The group, which released results for the six months ended 31 December 2013, saw revenue improve by 11 per cent to 27.6 billion rand from 24.9 billion rand in 2012.
Headline earnings per share however decreased by 21 percent to 82.1 cents from 104.5 cents in 2012, and net operating earnings down by 8 percent to 503 million rand from 544 million rand in 2012.
“The markets in which the group operates continue to be challenging. There has been no material improvement in infrastructure spending in South Africa and Australia and this was aggravated by the adverse impact of labour disruptions in South Africa,” the company said.
[DATA AEG:Aveng] is a South African company specialising in steel, engineering, manufacturing, mining, concessions, public infrastructure and water treatment. The group also provides multidisciplinary services in construction and engineering.

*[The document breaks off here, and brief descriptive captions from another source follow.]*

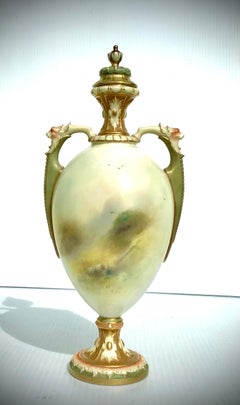 Antique Harry Stinton Royal Worcester Vase
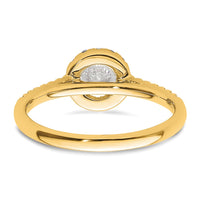 14k 3/4ct Lab Grown Diamond VS/SI+ G+ Complete Size 7 Halo Eng Ring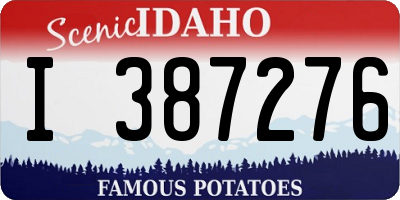 ID license plate I387276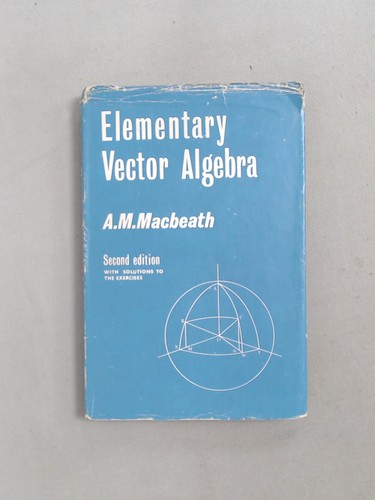 Elementary vector algebra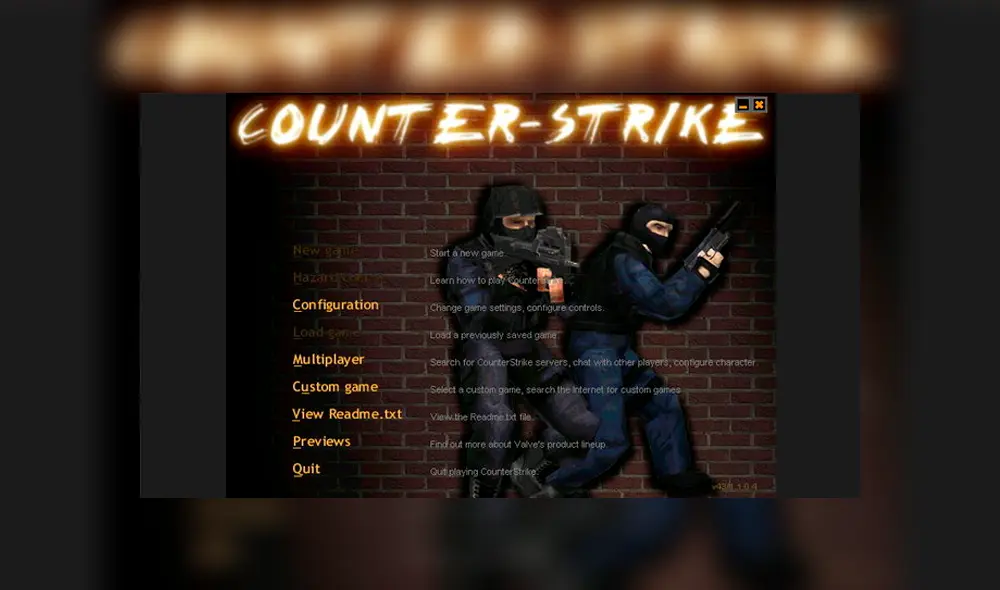 Counter Strike apareció por primera vez hace exactamente 20 años como mod de Half-Life [VIDEO]
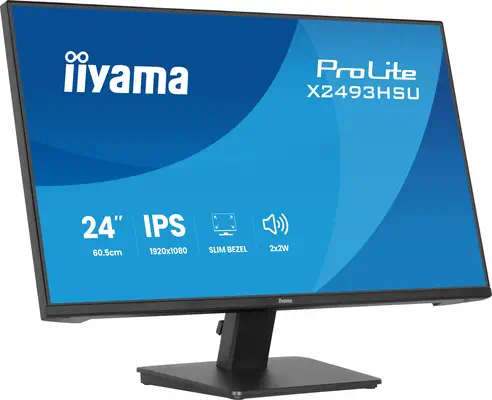 iiyama ProLite X2493HSU-B1 écran plat de PC 60,5 cm (23.8") 1920 x 1080 pixels Full HD Noir - Ecran Ordinateur - visuel 5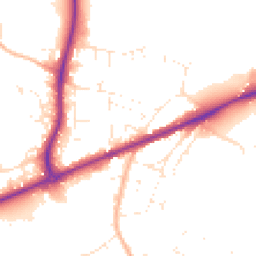 Daytime road noise heatmap for TA1 5QA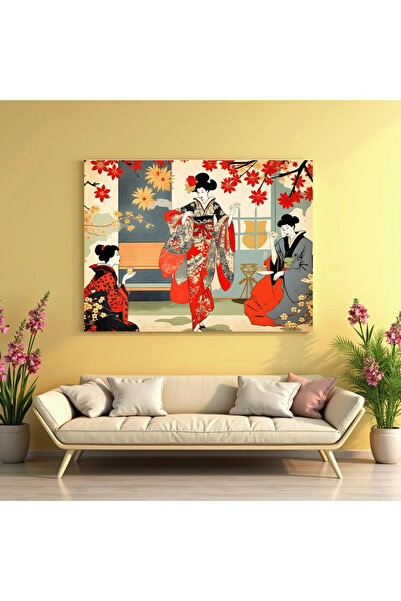 Printees Tablou - Geisha dansând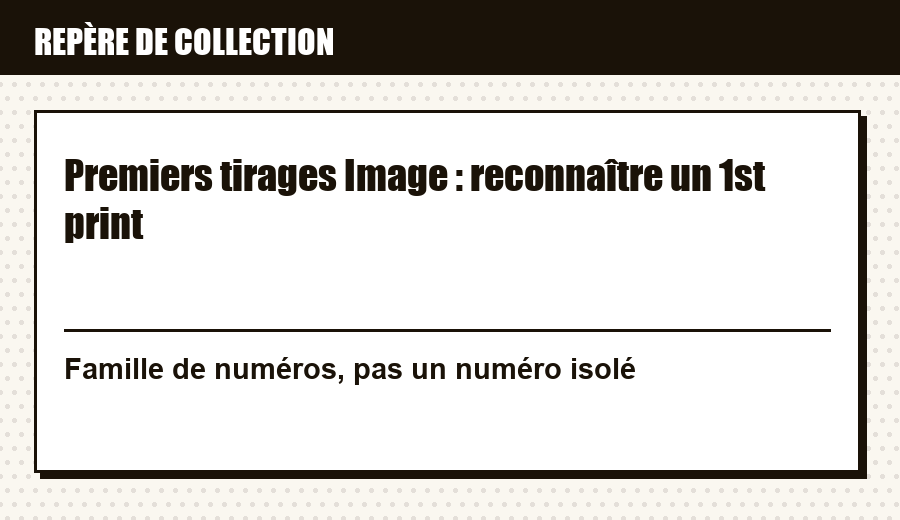 Carte d'identité : Premiers tirages Image : reconnaître un 1st print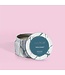 CAPRI BLUE Volcano Modern Marble Printed Travel Tin, 8.5 Oz
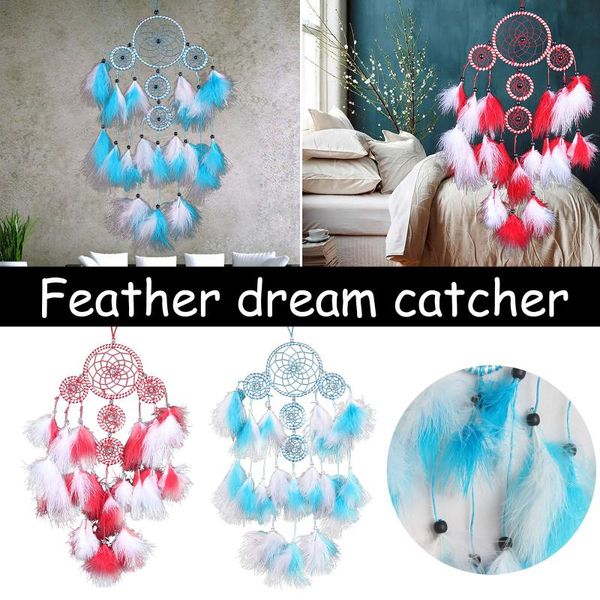 decorative objects & figurines circular feathers dream catcher wall hanging decoration decor craft living room decorations wind chimes
decorative objects & figurines circular feathers dream catcher wall hanging decoration decor craft living room decorations wind chimes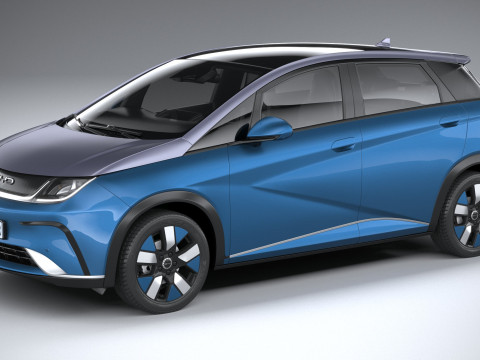 BYD Dolphin 2025 3D Модель
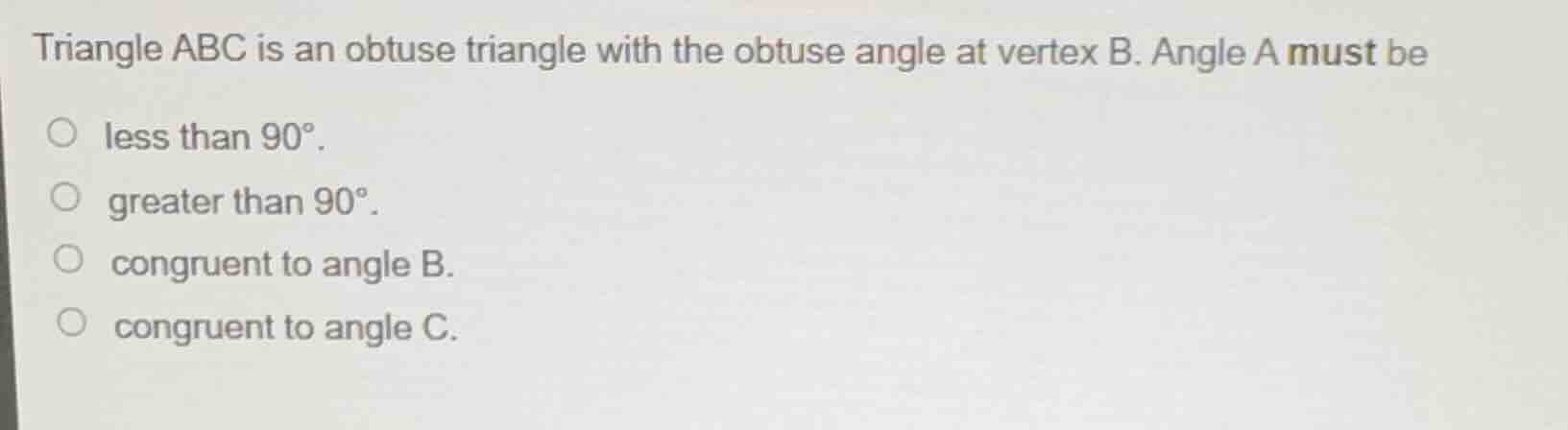 triangle abc is an obtuse triangle with the obtuse angle at vertex b. a…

Gross earnings decreased to 1.9 million rand from 2.1 million rand in 2012, and operating expenses also declined to 1.5 million rand from 1.6 million rand in 2012.

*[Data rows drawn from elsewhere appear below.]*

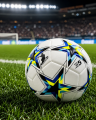 Antrenman ve Maç İçin Futbol Topu Kaymaz Yüzeyli Dengeli Sekme Yapısı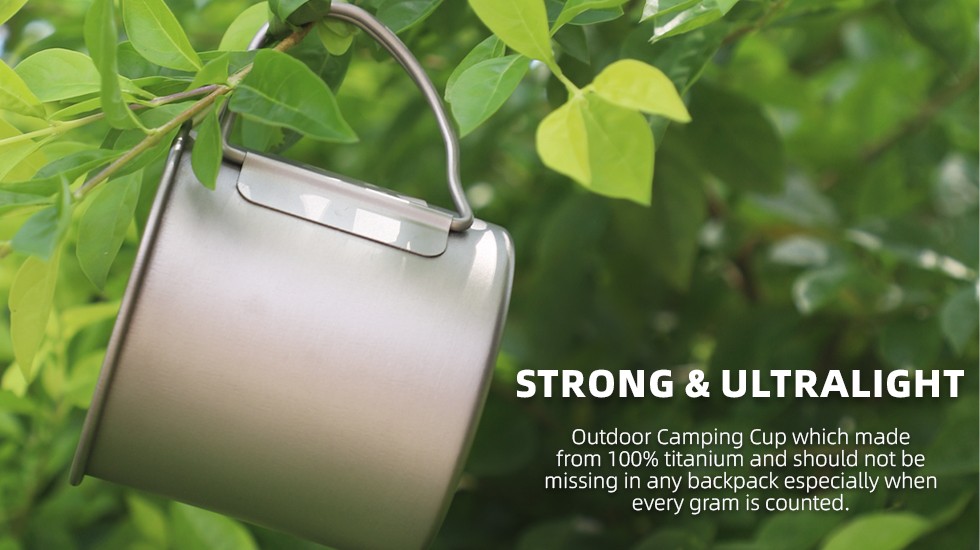 Titanium camping mug cup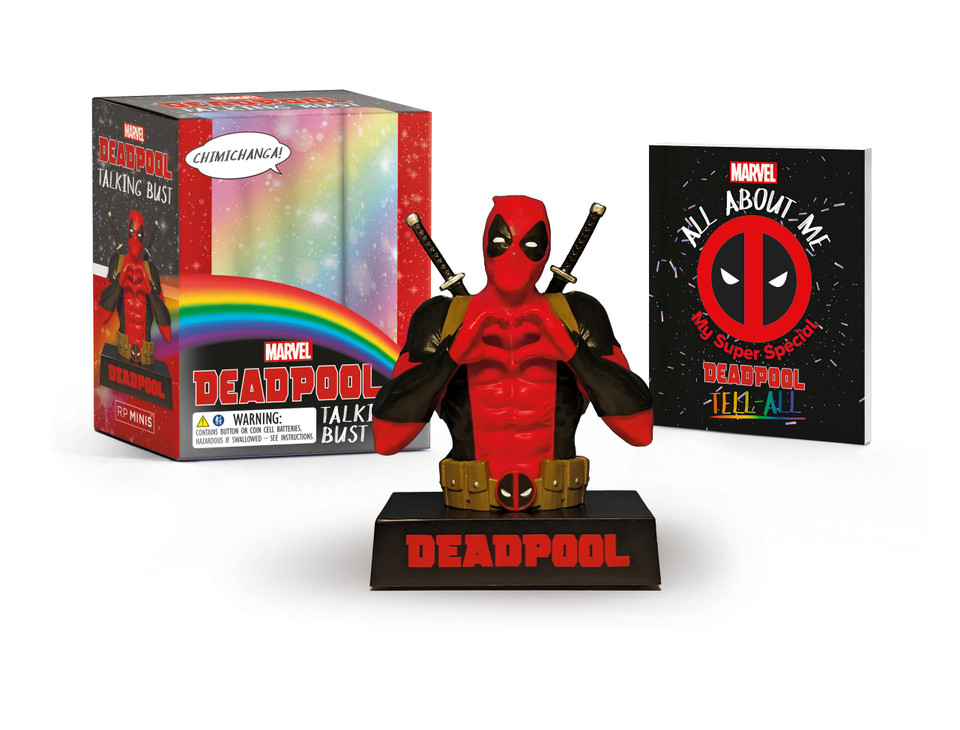 Marvel: Deadpool Talking Bust: Chimichanga! (RP Minis) book cover by Robert K. Elder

The construction and engineering segment in Aveng’s Australasia and Asia markets continues to compete despite tough market conditions. Revenue for the segment increased by 17 per cent to 14.9 billion rand.

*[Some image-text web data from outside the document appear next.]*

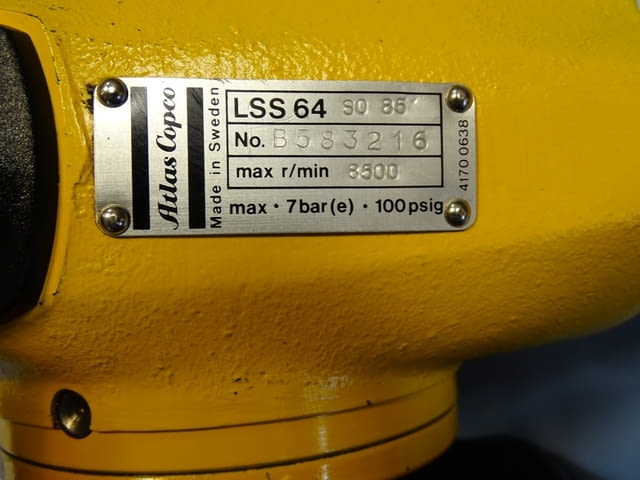 Пневматичен шлайф Atlas Copco LSS64 SO 85 vertical grinder, city of Plovdiv - снимка 3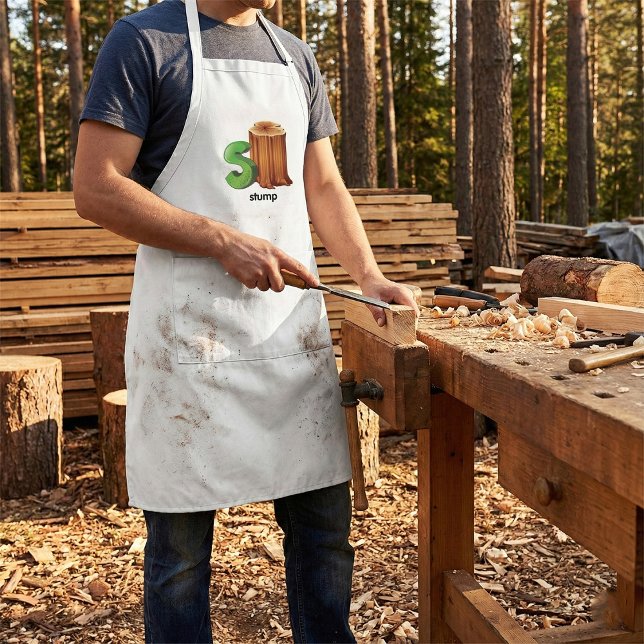 Delantal Letra de alfabeto stube S Arbol divertido Stube Ar (Subido por el creador)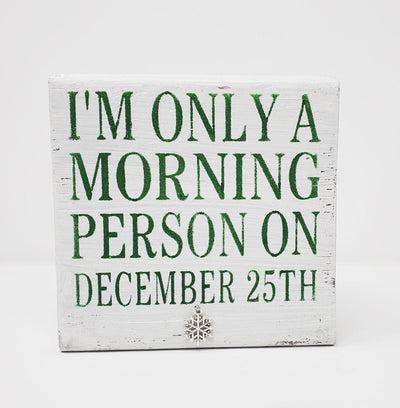 Funny Christmas Sign, Funny Coffee Sign, Coworker Gift - A Rustic Feeling
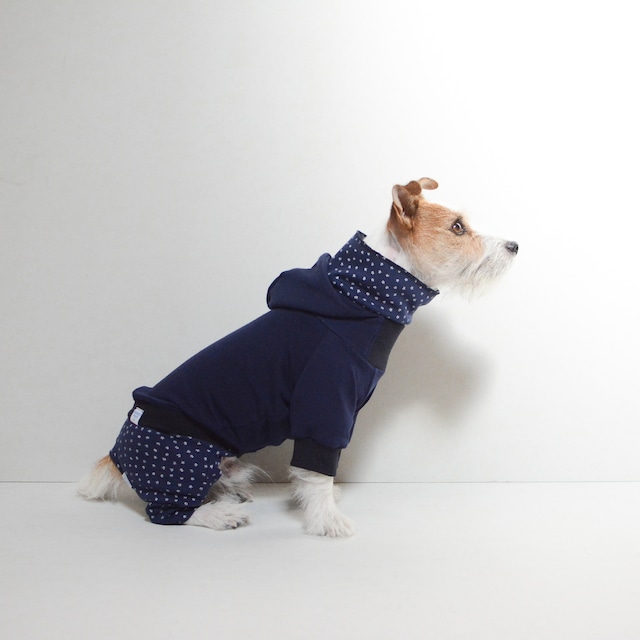 for dog simple hoodie  navy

“South Africa and rest of Africa segment remains constrained by the ongoing delays in new public infrastructure projects. The group has partly mitigated this by pursuing opportunities in the private sector,” the group added.
Revenue for the segment increased by 11 percent to 4.2 billion rand, which was mainly due to commencement of major contracts at Aveng Grinaker-LTA, and increased activity on the Sishen and Gouda renewable energy projects at Aveng Engineering.
The Aveng Grinaker-LTA project’s revenue also increased by 10 percent to 3.8 billion rand.
Revenue for Aveng Engineering, which consists of the previous businesses of Aveng E+PC and Aveng Water, increased by 24 percent to 402 million rand against the comparative period, mainly due to the increased activity on the Sishen and Gouda renewable energy projects.
Revenue for the group’s miming operation reported a 9 percent decrease in revenue to 3.5 billion rand and a decline in net operating earnings of 24 percent to 295 million rand compared to the comparative period.
The manufacturing and processing segment’s revenue increased by 6 percent to 5.3 billion rand.
“The group will be seeking to optimise its current business portfolio focusing on cash management and financial returns whilst significantly reviewing its cost structures, operational efficiency as well as improving project delivery,” the group said.